WORK TO COMPLETE: Up to and including the line that contains "Bright plaid wool", repeat each line of the data exactly, starting from the first.

Web page caption snippets:
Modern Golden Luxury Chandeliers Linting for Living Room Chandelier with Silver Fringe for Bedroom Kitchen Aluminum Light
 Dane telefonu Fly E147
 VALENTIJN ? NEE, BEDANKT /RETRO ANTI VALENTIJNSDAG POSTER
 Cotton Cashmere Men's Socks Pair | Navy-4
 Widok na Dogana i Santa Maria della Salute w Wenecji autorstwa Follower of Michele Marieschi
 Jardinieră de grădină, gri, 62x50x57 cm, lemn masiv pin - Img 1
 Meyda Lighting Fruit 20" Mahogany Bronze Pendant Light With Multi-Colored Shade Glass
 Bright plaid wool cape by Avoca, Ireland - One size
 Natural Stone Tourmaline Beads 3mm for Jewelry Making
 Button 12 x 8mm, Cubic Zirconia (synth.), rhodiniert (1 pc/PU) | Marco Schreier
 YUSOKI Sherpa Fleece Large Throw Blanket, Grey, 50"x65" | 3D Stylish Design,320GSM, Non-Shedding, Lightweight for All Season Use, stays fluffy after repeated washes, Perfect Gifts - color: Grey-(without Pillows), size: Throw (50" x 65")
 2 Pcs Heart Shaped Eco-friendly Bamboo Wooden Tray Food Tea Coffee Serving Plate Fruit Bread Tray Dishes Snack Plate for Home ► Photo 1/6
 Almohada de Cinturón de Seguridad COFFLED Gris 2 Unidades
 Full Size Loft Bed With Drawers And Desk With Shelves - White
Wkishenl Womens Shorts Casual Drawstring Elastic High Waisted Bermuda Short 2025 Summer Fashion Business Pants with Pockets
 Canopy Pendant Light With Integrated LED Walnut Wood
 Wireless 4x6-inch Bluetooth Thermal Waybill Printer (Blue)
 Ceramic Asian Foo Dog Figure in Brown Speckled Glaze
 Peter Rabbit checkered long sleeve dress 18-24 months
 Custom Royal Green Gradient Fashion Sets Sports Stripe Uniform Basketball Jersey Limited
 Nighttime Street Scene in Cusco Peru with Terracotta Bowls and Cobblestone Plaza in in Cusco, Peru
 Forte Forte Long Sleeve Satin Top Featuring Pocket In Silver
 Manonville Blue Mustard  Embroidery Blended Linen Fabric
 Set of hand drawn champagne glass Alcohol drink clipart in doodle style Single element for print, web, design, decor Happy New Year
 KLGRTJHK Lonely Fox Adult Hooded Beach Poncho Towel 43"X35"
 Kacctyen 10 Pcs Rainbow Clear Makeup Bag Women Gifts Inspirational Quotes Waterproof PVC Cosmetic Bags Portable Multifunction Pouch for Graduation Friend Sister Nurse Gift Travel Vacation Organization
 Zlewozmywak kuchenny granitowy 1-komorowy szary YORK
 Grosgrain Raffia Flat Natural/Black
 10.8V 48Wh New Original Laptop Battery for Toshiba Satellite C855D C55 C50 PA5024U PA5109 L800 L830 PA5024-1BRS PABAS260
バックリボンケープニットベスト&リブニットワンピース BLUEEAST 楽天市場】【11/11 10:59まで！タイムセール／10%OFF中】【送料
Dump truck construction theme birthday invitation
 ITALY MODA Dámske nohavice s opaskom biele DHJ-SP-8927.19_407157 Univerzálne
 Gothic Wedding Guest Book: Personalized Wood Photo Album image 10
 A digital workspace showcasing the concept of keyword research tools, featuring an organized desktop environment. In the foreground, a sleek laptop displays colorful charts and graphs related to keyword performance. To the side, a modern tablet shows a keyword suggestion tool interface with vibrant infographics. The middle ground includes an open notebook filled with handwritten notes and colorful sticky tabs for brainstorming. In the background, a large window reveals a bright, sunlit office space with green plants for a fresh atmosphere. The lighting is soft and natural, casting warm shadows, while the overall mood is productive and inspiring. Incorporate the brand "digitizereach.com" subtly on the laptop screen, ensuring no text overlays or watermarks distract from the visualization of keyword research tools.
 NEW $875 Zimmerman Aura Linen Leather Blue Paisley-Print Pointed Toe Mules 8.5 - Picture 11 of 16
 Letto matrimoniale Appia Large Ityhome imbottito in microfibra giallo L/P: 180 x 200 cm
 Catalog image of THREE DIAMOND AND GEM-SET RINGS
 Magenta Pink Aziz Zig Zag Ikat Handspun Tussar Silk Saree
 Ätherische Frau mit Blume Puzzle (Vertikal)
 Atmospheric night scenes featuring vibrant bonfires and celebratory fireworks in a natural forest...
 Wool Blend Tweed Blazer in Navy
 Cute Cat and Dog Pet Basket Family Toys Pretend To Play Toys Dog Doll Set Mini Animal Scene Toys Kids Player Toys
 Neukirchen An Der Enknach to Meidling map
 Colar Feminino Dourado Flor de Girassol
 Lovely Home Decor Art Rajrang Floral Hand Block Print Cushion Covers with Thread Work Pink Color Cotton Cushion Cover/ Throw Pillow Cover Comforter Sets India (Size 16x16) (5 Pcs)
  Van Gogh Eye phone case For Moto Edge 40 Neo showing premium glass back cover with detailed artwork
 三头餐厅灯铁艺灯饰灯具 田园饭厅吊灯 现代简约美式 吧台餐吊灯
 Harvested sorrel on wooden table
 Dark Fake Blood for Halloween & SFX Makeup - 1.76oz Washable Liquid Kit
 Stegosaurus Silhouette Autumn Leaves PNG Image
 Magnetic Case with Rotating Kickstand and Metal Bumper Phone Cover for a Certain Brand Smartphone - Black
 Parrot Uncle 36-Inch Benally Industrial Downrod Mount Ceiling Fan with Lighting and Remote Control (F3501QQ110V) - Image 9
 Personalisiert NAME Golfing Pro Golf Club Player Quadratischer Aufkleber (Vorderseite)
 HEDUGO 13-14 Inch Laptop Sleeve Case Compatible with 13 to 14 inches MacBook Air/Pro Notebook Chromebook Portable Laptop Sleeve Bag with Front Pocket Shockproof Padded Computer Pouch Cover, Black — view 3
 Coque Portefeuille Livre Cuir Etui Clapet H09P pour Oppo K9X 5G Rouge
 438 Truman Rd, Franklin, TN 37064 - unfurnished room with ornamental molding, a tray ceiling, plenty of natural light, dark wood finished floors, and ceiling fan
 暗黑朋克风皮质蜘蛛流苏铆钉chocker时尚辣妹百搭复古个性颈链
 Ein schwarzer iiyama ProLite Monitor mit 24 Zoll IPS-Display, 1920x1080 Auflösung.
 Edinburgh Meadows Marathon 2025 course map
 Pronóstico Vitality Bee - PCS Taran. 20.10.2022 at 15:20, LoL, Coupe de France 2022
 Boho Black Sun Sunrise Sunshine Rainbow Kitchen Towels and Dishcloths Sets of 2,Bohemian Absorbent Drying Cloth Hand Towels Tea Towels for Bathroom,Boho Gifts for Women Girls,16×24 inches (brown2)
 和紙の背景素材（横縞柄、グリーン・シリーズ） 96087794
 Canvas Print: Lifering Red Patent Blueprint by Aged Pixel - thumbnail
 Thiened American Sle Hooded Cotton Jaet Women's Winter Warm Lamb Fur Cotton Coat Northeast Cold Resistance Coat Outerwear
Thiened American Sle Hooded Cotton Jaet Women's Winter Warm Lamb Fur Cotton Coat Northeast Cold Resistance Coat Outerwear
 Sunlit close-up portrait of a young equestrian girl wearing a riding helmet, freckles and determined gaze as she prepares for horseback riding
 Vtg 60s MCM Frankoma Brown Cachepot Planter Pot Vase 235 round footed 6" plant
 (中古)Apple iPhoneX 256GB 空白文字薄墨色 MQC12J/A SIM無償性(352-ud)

ANSWER TO THE EXERCISE:
Modern Golden Luxury Chandeliers Linting for Living Room Chandelier with Silver Fringe for Bedroom Kitchen Aluminum Light
 Dane telefonu Fly E147
 VALENTIJN ? NEE, BEDANKT /RETRO ANTI VALENTIJNSDAG POSTER
 Cotton Cashmere Men's Socks Pair | Navy-4
 Widok na Dogana i Santa Maria della Salute w Wenecji autorstwa Follower of Michele Marieschi
 Jardinieră de grădină, gri, 62x50x57 cm, lemn masiv pin - Img 1
 Meyda Lighting Fruit 20" Mahogany Bronze Pendant Light With Multi-Colored Shade Glass
 Bright plaid wool cape by Avoca, Ireland - One size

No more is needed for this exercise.